In contrast the structural models typically
contain hundreds of different descriptive variables
interacting either simultaneously or recursively. Eventually improved computer hardware design will enable the BVAR
models to be larger, but in the meanwhile they must
perform heroic feats with very small amounts of
descriptive information as they compete with the
much larger structural-equation models containing
much greater amounts of information.
Unlike Simon's simulations of historically
significant scientific discoveries, Litterman cannot
separate the merit of his computerized procedures
for constructing his BVAR models form the scientific merit of the BVAR models he makes with his discovery system.
Litterman is not recreating what Russell
Hanson called "almanac science", but is
operating at the frontier of "research
science.” Furthermore, the approach of Litterman
and colleagues is much more radical than that of the
conventional economist, who needs only to propose a
new "theory", and then apply conventional
structural-equation econometric modeling techniques. The BVAR technique
has been made commercially available for
microcomputer use, but still the econometrician
constructing the
BVAR model must learn statistical techniques
that he had not been taught in his professional
education. Many
economists fail to recognize the Pragmatic character
of the BVAR models, and reject the technique out of hand, since they reject
the rational expectations hypothesis.
Nonetheless several economists working in
regional economics have been experimenting with BVAR
modeling of state economies.
As of this writing such models are still used
by the District Federal Reserve banks of Dallas (Gruben
and Donald, 1991), Cleveland (Hoehn and Balazsy,
1985), and Richmond (Kuprianov and Lupoletti, 1984),
and by the University of Connecticut (Dua and Ray,
1995). Only
time will tell whether or not this new type of
modeling survives much less achieves ascendancy in
the economics profession.
Hickey's
Metascience or "Logical Pragmatism"
Thomas J. Hickey received a master's degree
in economics from the University of Notre Dame in
South Bend, Indiana, where he also studied
philosophy in their Ph.D. program.
He found the economics faculty supportive,
but he found the philosophy faculty obstructionist
due to his prejudicial scientific realism. Since
Descartes attempted to prove the existence of the
real world, only a few pedantics have thought that
realism is a conclusion.
But the philosophy department chairman, a
Reverend Ernan McMullin, told Hickey that were
Hickey to persist in his views, he could never
expect to succeed under their philosophy faculty,
that he had a “bad attitude”, and that if he
preferred to leave he might do so.
This threat was real, since the department
chairman selects faculty for students’ examination
and dissertation boards. Hickey had no interest in a
metaphysical criticism of science and even less
interest in the reformist demand, which he viewed as
contemptuous moral violence.
The Reverend chairman also initiated an
unprovoked denial that he wanted “to play God.”
But as the Reverend spoke, Hickey vividly
recalled witnessing the Reverend’s classroom
behavior - shouting down students who expressed
alternative ideas, and imputing views to students
they had not expressed and then loudly attacking the
imputed views.
Hickey’s response to the reformist
ultimatum was to drop his enrollment and write a
patient farewell letter to the Reverend chairman, in
which he stated that he would proceed independently
to create his “dynamic model describing the
development of science in a manner capable of
facilitating the advancement of science”, and that
he would pursue his methodological interest as a new
discipline, which he then called “empirical
metascience.”
At this writing Hickey notes the
obstructionist philosophy faculty he knew is still
listed at the school’s Internet web site.

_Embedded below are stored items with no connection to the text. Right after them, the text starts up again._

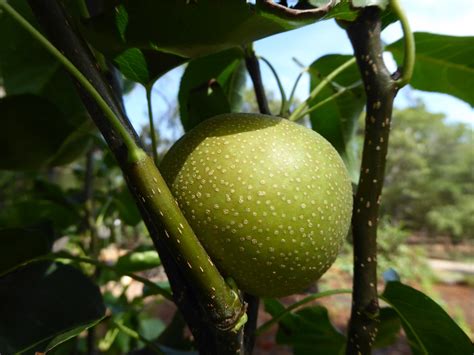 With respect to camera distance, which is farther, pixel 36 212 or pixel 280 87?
pixel 36 212

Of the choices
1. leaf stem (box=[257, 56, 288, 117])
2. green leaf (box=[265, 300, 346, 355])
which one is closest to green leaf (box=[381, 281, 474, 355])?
green leaf (box=[265, 300, 346, 355])

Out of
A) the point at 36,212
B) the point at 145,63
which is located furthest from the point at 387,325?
the point at 36,212

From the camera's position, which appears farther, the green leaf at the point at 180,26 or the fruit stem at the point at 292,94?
the fruit stem at the point at 292,94

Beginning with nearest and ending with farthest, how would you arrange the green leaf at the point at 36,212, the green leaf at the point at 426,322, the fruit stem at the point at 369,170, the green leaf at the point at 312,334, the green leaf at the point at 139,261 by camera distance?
the fruit stem at the point at 369,170, the green leaf at the point at 426,322, the green leaf at the point at 312,334, the green leaf at the point at 139,261, the green leaf at the point at 36,212

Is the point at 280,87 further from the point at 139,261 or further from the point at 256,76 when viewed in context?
the point at 139,261

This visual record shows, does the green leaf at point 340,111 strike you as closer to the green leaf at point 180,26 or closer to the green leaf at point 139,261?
the green leaf at point 180,26

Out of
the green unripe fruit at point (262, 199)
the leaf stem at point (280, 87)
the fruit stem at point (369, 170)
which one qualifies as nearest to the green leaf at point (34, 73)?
the leaf stem at point (280, 87)

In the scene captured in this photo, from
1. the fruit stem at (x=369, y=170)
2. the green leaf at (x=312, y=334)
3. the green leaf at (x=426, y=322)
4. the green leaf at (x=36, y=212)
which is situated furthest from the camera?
the green leaf at (x=36, y=212)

Furthermore he doubts even a faculty shakeout could
remedy their shrill subculture.
Before leaving Notre Dame, Hickey had
recognized that he needed to acquire
computer-programming skills to implement his
metascience agenda.
Consequently after leaving he enrolled at San
Jose College in San Jose, California, where he took
coursework in numerical-analysis computer
programming in the FORTRAN computer programming language. There he developed his METAMODEL
computer discovery system, the “dynamic model”
he had described in his Notre Dame farewell letter.
He then published a description of his
contemporary Pragmatist philosophy of science, his
computational metatheory, and his METAMODEL
discovery system in a brief seventy-five page
monograph titled Introduction
to Metascience:
An Information Science Approach to Methodology of
Scientific Research.
This Metascience
monograph was originally intended to be the
thesis of his Ph.D. dissertation in philosophy of
science at Notre Dame, and he has yet to find any
previously published computer discovery system
contributed to academic philosophy of science.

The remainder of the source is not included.